They damn should, seeing that they're based on the same technology.

My guess is that Sony wants to cash-in on the early buyers - the first wave of consoles always sells best, and it's hard to buy a console without any memory at all, that'd be kinda pointless. Thank god I'm no early bird, I'll take my time with this purchase like I'm taking my time with the 3DS.


----------



## prowler (Nov 27, 2011)

Foxi4 said:


> Get your s*it together Sony, you're shooting yourself in the foot with prices like that.


They have got their shit together, this is where most of the profit comes from.

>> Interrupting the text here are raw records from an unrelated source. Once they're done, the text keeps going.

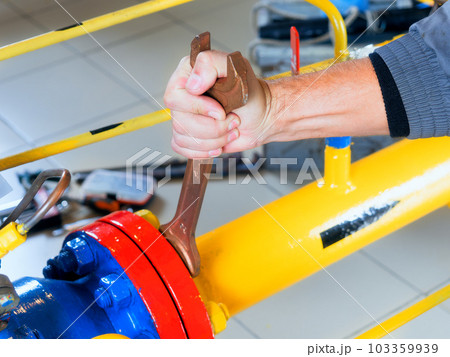 The worker tightens the nut of the gas equipment with an adjustable wrench. hands close up The worker tightens the nut of the gas equipment with an adjustable wrench. hands close up 103359939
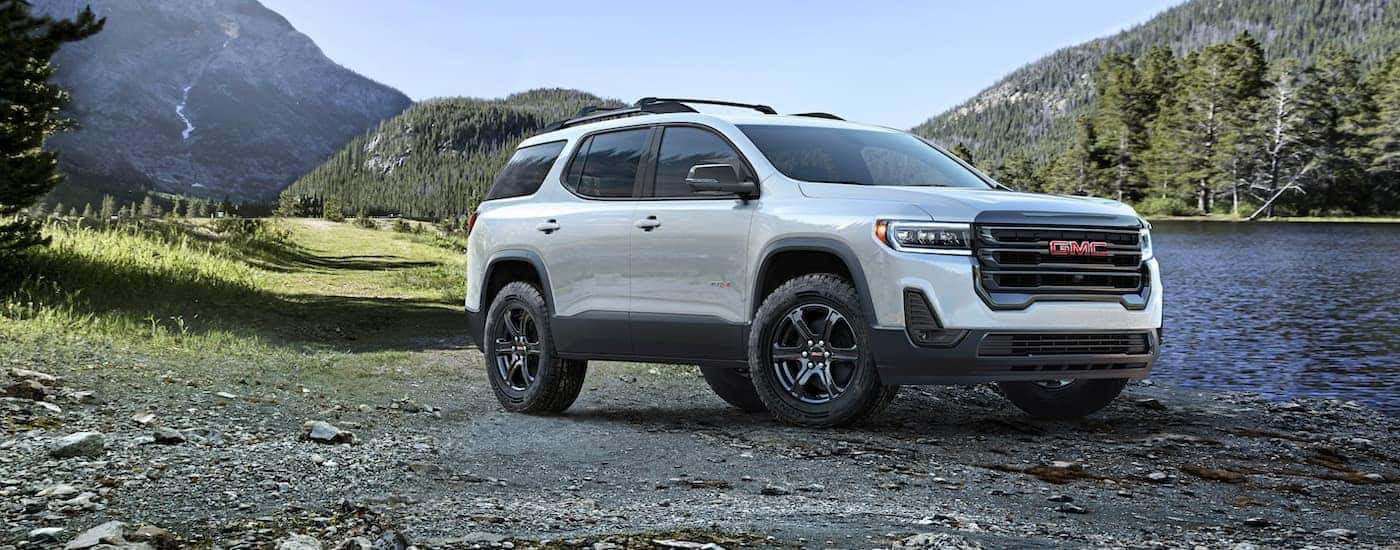 A white 2023 GMC Acadia AT4 parked off-road near a lake.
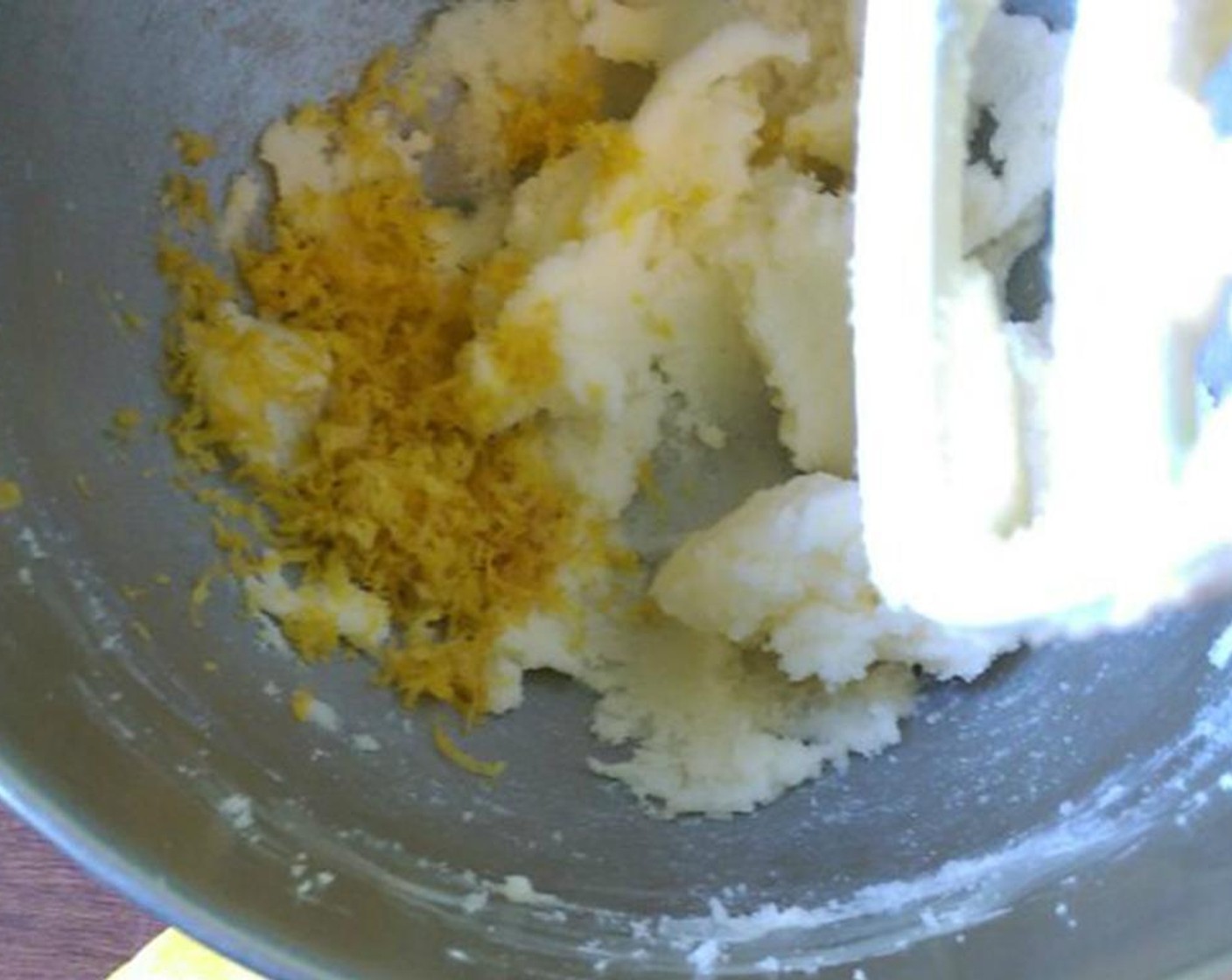 step 3 In the bowl of a stand mixer, combine Unsalted Butter (1/2 cup), Granulated Sugar (1 cup) and zest from Lemons (3).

Memory cards and accessories.

Have you seen Microsofts trap with the 360?
Buy the 4GB 360 console and you're fucked, you can't use other hard drives since they limit you to 8GB per drive and you're forced to buy the over priced hard drive.
And the controllers, they have two different packaging for the same controller (360 and Windows) Windows one is cheaper than the 360 one.

It's the standard now.


----------



## Foxi4 (Nov 27, 2011)

prowler_ said:


> Foxi4 said:
> 
> 
> > Get your s*it together Sony, you're shooting yourself in the foot with prices like that.
> ...



My point was that with overlypriced accessories they may scare off some buyers, like myself. I'm not going to buy the VITA in the first wave, and I was going to earlier. There's a difference between a high price and a clear scam.

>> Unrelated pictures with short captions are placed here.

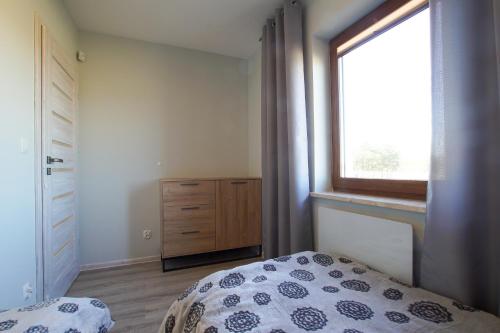 1 dormitorio con cama, ventana y vestidor en Magnolia, en Wilków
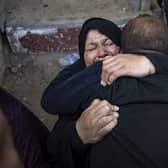 Palestinians in the hospital in Khan Younis mourn relatives killed in the Israeli bombardment of the Gaza Strip. Picture: Fatima Shbair/AP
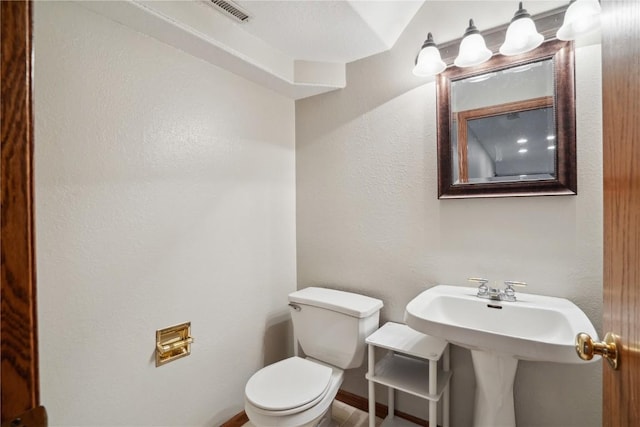 half bathroom with toilet, visible vents, and a sink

As far as the 360 is concerned, regardless of the hard drive you use, J-Taggery is common place nowadays. In fact, where I live there are certain stores that deal exactly with that sort of thing. Yes, they're legal "as long as they're not providing their clients with pirated copies of games, just modification". Gray Zone, y'see.


----------



## emigre (Nov 27, 2011)

Someone send an SOS out to Sandisk. 

Damn gaming is an expensive hobby.


----------



## NiGHtS (Nov 27, 2011)

I suppose this is how Sony can afford to keep the Vita itself so cheap >_


----------



## mameks (Nov 27, 2011)

Wow.


----------



## ilman (Nov 27, 2011)

if that's the prices in the USA then I wonder what the prices in Europe will be.

ouch.


----------



## heartgold (Nov 27, 2011)

Good old Sony


----------



## Ravte (Nov 27, 2011)

Wasn't there a talk about PS Vita games racking up 8gb of space? If so, I don't see any point in buying 4gb cards,,,,,


----------



## Foxi4 (Nov 27, 2011)

Ravte said:


> Wasn't there a talk about PS Vita games racking up 8gb of space? If so, I don't see any point in buying 4gb cards,,,,,



I believe they meant the size of the game itself on its cartridge, not the size of the save file.


Spoiler
















See the difference?


----------



## prowler (Nov 27, 2011)

Ravte said:


> Wasn't there a talk about PS Vita games racking up 8gb of space? If so, I don't see any point in buying 4gb cards,,,,,


Yeah but that's for retail games. PSN games could be much smaller.


----------



## GameWinner (Nov 27, 2011)

The hell!? A 4GB flash drive is like $8, I know they are 2 different items but still...


----------



## KingVamp (Nov 27, 2011)

emigre said:


> Someone send an SOS out to Sandisk.
> 
> Damn gaming *with sony products *is an expensive hobby.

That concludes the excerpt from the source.